Rusty took us to the armory parking lot where I drank my first sloe gin. I couldn’t say “sloe gin” for weeks after that because I got so sick on it. We weren’t allowed to have alcohol on campus, so what better place than an army parking lot, hiding my car behind a huge army tank. You have to wonder about our intelligence back then.
Rusty was not fond of being left out in the cold, however. I soon learned that I had to unscrew the lid to the carburetor (hard word to spell) and open the choke with a pencil while I started the car. Every cold day I had to do this. I didn’t have a scraper, so I used my driver’s license or gas card to scrape the ice off of her windows so she could see. Poor Rusty was not doing so well.
I didn’t really take care of what the inside of my car looked like. There were books and papers and coke cups lying about. It wasn’t filthy. It just wasn’t immaculate. It all came to a head one hot summer day when I got into the car and moisture or something was dripping all over me. The seats were damp. Brown specks were on the window. Well, brown specks were ALL over the inside of the car. What the hell?
Well, that’s what happens when you leave cans of Coke in a hot car. The cans exploded. I mean EXPLODED. It was a hot, sticky mess. Poor Rusty needed a douche. And that’s exactly what I said. I was so strange to utter outloud that a car needed a douche. It was awful cleaning the inside of that car. I did pull it into the garage so it would be a bit cooler. I sure learned my lesson. I was never going to keep old food or drinks in my car again.
The next week my car mysteriously vanished for a week. My parents gave me no explanation, except that it was at the mechanics. When she came back, she was beautiful. All of her rust was gone. She was extrememly clean on the inside, because I guess my mom said I did a “half-ass” job on the Coke clean-up. She was so pretty. (Not my mom, the car.) I just had to give her a middle name….Bouffant.

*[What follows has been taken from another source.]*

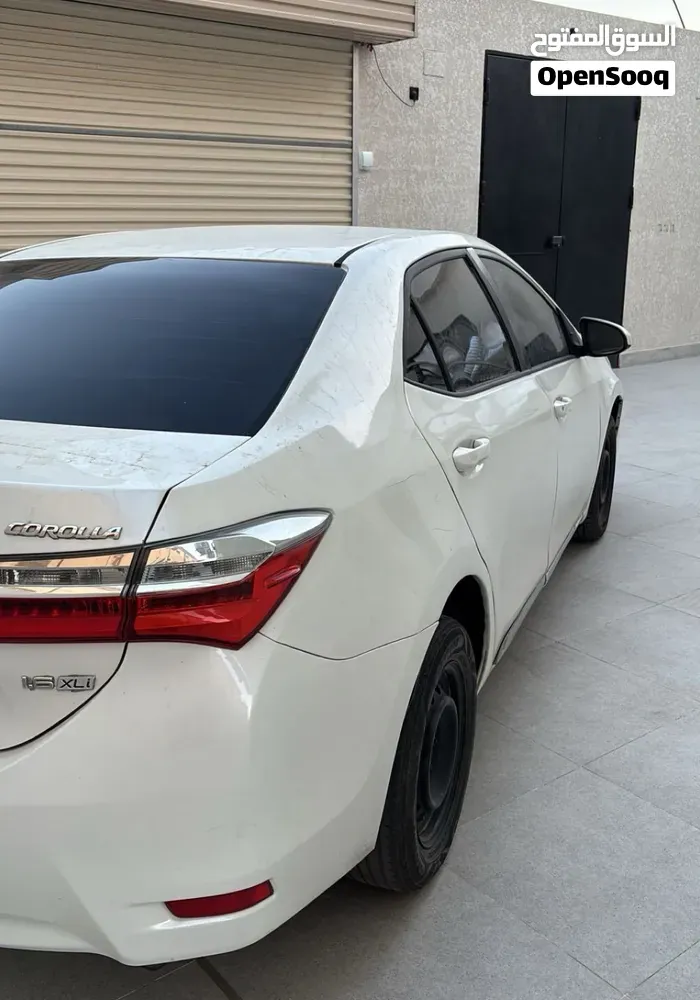 Toyota Corolla 2017 photo 3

Little did I know that they had her all gussied up because they promptly sold her. I don’t know why. I was then given my grandmother’s old ugly car to drive around in. She was put in a nursing home because she was old..and nuts, and Dad let me use the car. I backed that car into a pole one night. Well, the pole was in a concrete barracade or something and I had a car full of girls, and backed right into it. I think we all had whiplash. I blamed it on the car, not my driving.
I had Rusty for almost three years. My parents gave my brother grandma’s car (after it came back from the repair shop), and they bought me a brand new Astre. It had a white interior. What were they thinking? I did try to keep that car clean. One night, during a full moon, some idiot came through an intersection and drove right into the back of my car when it was just sitting there, parked, minding its own business, and then left. It was a complete loss. We followed the oil or gas trail and the police were able to find the person who did it. Seems it was the local AAA owner’s daughter. So much for my new Astre. I bought a Nova with whatever money I had from the insurance and thats what I had when I got married in 1983. We even took our honeymoon in that old car. Such is life.
So, name your car. Love it and take care of it. Don’t leave Coke cans in the backseat on a hot summer day. Don’t mention the word “douche” when talking about a car, because your friends will wonder if they want to be your friend.
Because some day you just may be writing about how much you loved that car…. or why you feel uneasy during a full moon.